The entire active module - which is just a nonempty finite set of
signed formulas - is always partitioned into the signed formulas on
the primary window and the signed formulas on the secondary window.
As time proceeds, the active module expands. It never contracts.
However, the user can shift any signed formula from one window to
another. Generally, the user will shift signed formulas from the
primary window to the secondary window in order to keep the primary
window uncluttered for the main work.
The computer works in the background, continually enlarging the
secondary window. Much of what is generated is likely to be junk. The
secondary window is displayed in order of increasing complexity, with
the low complexity signed formulas first.
If the user browses the secondary window, he may find useful signed
formulas, in which case he may wish to shift them from the secondary
window to the primary window.
The background algorithm that the computer continually runs makes
immediate use of the moves that the human makes on the primary
window. Frequently, the computer will simply announced that the
active module is finished. The module is then removed from the list
of unfinished modules, and a new unfinished module is activated. New
ones are chosen by name or number, or by default.
The heart of the user/computer interaction occurs when the user makes
certain moves in the primary window of the active module.
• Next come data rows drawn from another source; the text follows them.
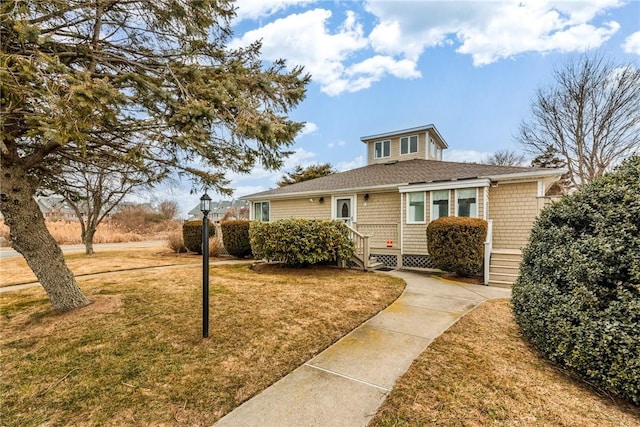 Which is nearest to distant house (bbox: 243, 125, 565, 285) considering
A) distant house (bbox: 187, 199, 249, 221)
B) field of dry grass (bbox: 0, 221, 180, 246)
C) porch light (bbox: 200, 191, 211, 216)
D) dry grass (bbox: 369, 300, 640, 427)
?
distant house (bbox: 187, 199, 249, 221)

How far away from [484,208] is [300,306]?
7247 mm

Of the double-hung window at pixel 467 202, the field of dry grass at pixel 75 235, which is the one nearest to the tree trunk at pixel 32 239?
the double-hung window at pixel 467 202

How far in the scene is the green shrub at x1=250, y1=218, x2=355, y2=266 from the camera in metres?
8.67

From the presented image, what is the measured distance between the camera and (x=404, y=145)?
1520 centimetres

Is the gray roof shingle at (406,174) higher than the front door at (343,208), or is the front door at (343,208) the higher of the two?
the gray roof shingle at (406,174)

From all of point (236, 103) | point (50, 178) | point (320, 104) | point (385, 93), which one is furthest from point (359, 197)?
point (50, 178)

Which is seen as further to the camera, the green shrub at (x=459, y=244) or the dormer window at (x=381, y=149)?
A: the dormer window at (x=381, y=149)

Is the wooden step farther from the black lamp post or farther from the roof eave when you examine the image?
the black lamp post

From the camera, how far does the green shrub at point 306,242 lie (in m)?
8.67

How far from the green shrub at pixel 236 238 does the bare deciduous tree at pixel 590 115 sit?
1967 cm

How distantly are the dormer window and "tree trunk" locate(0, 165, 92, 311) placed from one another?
14.2 m

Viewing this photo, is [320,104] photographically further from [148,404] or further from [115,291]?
[148,404]

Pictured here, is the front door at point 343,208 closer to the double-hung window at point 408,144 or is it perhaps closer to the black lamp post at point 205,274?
the double-hung window at point 408,144

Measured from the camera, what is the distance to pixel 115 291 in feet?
20.4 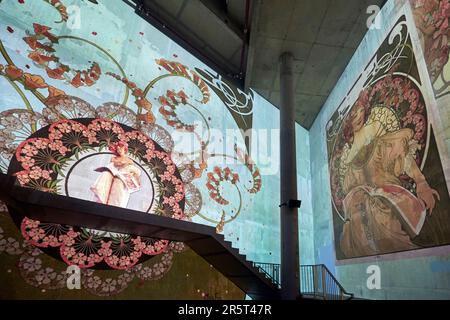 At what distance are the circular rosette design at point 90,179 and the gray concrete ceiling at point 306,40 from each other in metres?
5.67

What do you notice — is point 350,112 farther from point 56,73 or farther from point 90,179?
point 56,73

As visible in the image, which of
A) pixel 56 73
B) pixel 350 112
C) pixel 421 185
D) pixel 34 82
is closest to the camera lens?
pixel 421 185

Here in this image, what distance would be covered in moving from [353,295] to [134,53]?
1008cm

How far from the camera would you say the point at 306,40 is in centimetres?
1118

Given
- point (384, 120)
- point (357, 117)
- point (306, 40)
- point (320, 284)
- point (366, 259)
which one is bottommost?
point (320, 284)

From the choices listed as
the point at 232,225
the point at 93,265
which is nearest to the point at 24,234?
the point at 93,265

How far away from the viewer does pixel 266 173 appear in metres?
12.4

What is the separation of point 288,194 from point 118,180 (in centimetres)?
489

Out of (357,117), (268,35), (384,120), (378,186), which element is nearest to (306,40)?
(268,35)

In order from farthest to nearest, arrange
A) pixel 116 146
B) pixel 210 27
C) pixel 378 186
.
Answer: pixel 210 27
pixel 378 186
pixel 116 146

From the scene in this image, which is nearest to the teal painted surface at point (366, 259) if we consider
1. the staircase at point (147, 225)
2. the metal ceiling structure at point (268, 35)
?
the metal ceiling structure at point (268, 35)

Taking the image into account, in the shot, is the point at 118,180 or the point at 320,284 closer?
the point at 118,180

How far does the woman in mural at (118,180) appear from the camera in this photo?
7688 millimetres

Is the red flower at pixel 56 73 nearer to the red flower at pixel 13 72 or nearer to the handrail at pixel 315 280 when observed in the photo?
the red flower at pixel 13 72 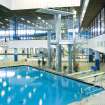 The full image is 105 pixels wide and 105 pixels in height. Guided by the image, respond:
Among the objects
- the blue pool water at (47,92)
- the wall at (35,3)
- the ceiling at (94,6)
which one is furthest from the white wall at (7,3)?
the ceiling at (94,6)

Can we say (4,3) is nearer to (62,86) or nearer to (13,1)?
(13,1)

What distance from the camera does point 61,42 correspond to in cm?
2025

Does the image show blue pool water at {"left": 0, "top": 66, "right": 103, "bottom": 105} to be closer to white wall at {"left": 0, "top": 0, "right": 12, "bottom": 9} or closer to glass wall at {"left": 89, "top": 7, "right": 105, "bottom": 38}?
glass wall at {"left": 89, "top": 7, "right": 105, "bottom": 38}

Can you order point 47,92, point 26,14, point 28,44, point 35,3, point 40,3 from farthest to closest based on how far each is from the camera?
point 26,14, point 28,44, point 35,3, point 40,3, point 47,92

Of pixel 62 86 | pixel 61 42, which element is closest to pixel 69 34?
pixel 61 42

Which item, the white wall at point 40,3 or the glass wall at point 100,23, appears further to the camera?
the white wall at point 40,3

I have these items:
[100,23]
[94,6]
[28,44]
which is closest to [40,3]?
[28,44]

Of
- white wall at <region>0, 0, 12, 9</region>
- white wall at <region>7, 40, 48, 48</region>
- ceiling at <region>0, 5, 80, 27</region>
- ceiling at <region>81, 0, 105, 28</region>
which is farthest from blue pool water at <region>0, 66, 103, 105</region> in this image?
ceiling at <region>0, 5, 80, 27</region>

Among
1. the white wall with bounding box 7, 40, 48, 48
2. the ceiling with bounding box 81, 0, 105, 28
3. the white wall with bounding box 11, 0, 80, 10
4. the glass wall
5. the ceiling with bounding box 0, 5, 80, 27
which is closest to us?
the ceiling with bounding box 81, 0, 105, 28

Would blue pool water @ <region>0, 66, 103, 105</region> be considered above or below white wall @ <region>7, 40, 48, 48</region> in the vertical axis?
below

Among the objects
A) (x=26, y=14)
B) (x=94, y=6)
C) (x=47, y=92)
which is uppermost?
(x=26, y=14)

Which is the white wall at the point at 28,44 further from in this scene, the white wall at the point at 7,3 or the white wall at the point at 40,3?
the white wall at the point at 7,3

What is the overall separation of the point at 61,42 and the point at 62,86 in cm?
618

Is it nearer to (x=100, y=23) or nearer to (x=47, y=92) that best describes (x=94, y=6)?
(x=100, y=23) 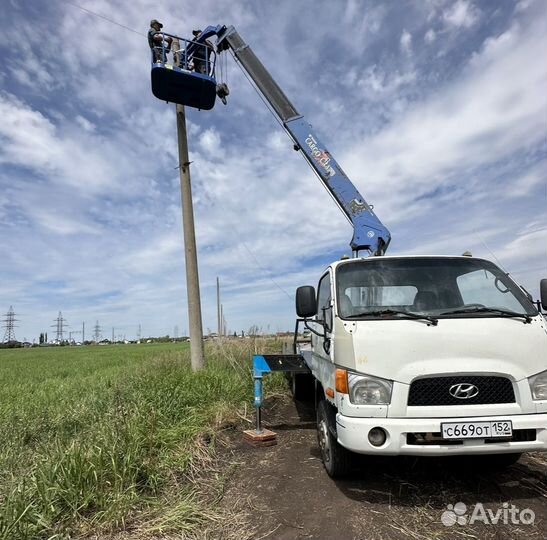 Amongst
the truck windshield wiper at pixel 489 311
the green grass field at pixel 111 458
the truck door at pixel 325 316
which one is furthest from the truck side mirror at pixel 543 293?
the green grass field at pixel 111 458

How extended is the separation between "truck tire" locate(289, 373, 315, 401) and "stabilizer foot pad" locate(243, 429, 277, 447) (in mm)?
1715

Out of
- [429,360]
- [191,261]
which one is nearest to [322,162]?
[191,261]

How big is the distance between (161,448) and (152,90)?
7.48 metres

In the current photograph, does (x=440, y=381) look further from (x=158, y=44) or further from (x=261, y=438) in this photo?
(x=158, y=44)

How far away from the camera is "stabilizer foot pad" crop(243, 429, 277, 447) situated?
5.25m

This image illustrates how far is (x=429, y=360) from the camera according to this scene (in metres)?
3.44

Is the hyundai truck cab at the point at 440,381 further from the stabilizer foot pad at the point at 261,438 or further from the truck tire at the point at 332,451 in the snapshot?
the stabilizer foot pad at the point at 261,438

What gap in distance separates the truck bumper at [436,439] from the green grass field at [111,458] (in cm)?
155

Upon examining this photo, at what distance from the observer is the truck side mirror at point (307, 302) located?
442cm

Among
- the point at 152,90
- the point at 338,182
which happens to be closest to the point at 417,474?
the point at 338,182

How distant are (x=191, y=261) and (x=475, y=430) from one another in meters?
7.63

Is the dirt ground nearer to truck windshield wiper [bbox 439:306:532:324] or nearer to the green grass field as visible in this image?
the green grass field

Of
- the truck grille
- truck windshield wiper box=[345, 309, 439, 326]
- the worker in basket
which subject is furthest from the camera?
the worker in basket

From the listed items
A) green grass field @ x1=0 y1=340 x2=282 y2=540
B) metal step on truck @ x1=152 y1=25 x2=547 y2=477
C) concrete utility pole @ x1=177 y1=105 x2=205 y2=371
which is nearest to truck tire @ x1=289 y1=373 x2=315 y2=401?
green grass field @ x1=0 y1=340 x2=282 y2=540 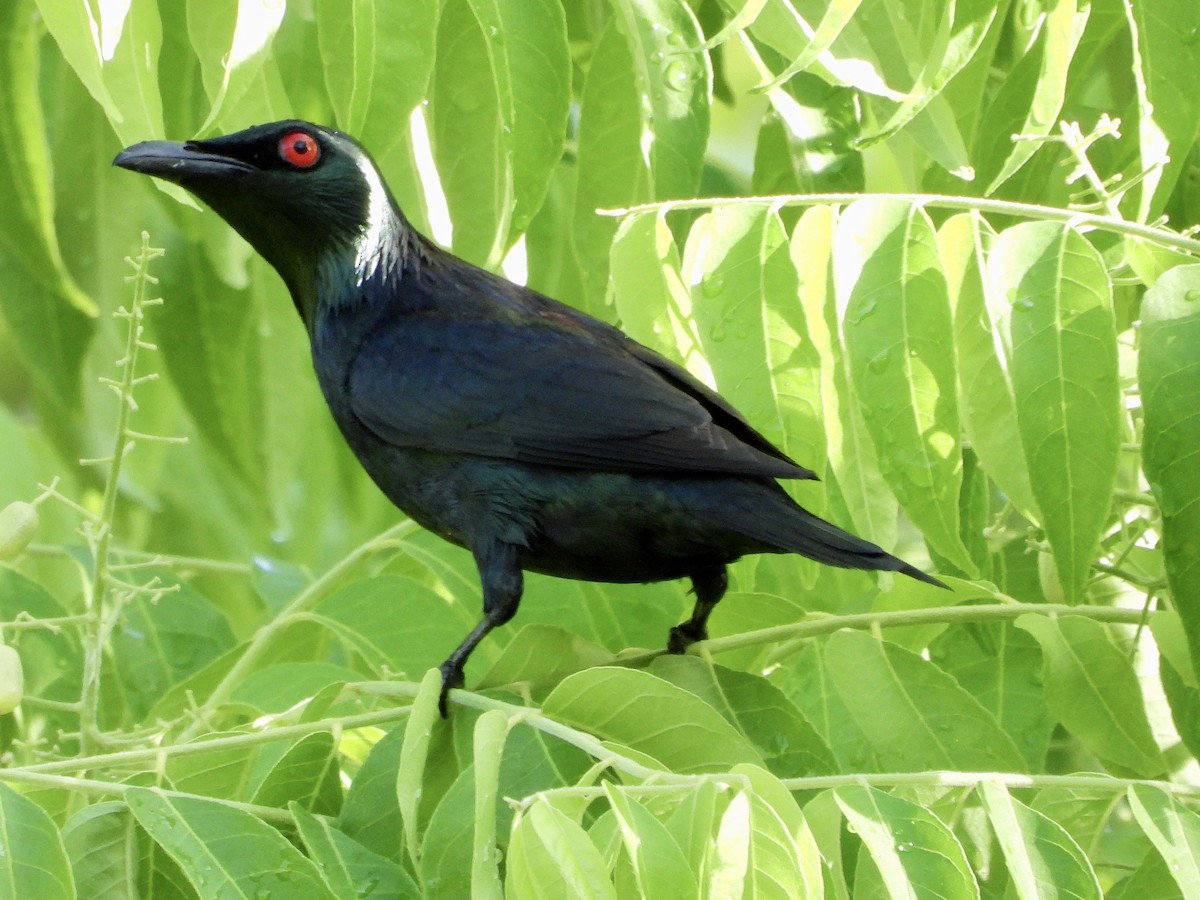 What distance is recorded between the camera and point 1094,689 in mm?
2580

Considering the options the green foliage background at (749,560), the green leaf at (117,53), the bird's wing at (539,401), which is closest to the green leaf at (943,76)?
Result: the green foliage background at (749,560)

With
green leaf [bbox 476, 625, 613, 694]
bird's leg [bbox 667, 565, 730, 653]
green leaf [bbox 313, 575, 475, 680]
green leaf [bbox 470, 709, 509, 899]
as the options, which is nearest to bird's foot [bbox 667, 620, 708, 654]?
bird's leg [bbox 667, 565, 730, 653]

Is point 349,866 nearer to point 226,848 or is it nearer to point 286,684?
point 226,848

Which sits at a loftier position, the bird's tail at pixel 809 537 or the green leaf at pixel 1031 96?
the green leaf at pixel 1031 96

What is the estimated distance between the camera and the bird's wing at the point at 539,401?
2971mm

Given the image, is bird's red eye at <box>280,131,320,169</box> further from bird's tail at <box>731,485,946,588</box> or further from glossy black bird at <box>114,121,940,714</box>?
bird's tail at <box>731,485,946,588</box>

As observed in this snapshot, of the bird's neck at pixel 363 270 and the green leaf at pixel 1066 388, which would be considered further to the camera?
the bird's neck at pixel 363 270

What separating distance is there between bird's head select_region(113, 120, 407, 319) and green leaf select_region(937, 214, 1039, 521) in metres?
1.53

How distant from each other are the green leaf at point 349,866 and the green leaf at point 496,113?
1.15 meters

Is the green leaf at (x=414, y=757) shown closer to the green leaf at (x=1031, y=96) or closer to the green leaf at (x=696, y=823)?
the green leaf at (x=696, y=823)

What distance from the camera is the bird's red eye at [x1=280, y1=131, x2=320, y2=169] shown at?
3516mm

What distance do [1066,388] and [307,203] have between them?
198 centimetres

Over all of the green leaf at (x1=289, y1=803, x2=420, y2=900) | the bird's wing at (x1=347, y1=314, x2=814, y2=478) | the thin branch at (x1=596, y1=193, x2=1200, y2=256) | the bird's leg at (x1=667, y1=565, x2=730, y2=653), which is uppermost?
the thin branch at (x1=596, y1=193, x2=1200, y2=256)

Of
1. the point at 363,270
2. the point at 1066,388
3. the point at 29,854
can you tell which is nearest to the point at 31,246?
the point at 363,270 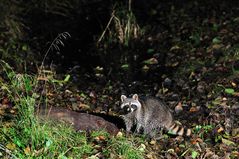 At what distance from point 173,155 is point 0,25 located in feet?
17.0

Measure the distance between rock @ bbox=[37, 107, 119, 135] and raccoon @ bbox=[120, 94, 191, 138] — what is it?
0.87 feet

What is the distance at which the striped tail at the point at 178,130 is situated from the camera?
624 centimetres

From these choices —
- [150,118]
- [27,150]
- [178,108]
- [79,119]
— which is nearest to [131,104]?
[150,118]

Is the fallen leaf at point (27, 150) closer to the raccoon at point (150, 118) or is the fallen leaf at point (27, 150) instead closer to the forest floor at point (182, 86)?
the forest floor at point (182, 86)

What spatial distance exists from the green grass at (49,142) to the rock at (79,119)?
0.17 m

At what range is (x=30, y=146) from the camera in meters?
5.22

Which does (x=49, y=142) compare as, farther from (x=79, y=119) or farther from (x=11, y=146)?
(x=79, y=119)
These moves create zero or more new signed formulas in the primary
window, and create zero or more new modules. These new modules are
hidden from view, as they are not active. The unfinished among these
are placed in the numbered list of unfinished modules right after the
active module being worked on.
1. "I don't feel like finishing this task now". The user selects
another unfinished module. The present state of the closed unfinished
module is saved so that when it is next activated, the primary window
comes up just as it was left. However, the secondary window may be
enlarged because of the background work by the computer.
2. Select a signed formula in the primary window and hit m (for
move). This moves the signed formula to the secondary window.
3. Select a signed formula in the secondary window and hit m. This
moves the signed formula to the primary window.
4. The user looks up a previously established formula in the official
record of the UMD3 (universal mathematical database, part 3). See
items 1-8 in #182, 10:50PM 6/21/03. Say it is A. The user selects A
and hits =. The signed formula T(A) appears in the primary window. If
the previously established result is in implicational form, then it
must be converted into a single formula A, and imported as T(A).
We now list a number of very useful REDUCTION RULES that create new
signed formulas in the primary window, upon the selection of signed
formulas in the primary window. These rules do not create any new
unfinished modules. They are preferable to the creation of new
unfinished modules.
The rules are activated by selecting the indicated signed formula(s)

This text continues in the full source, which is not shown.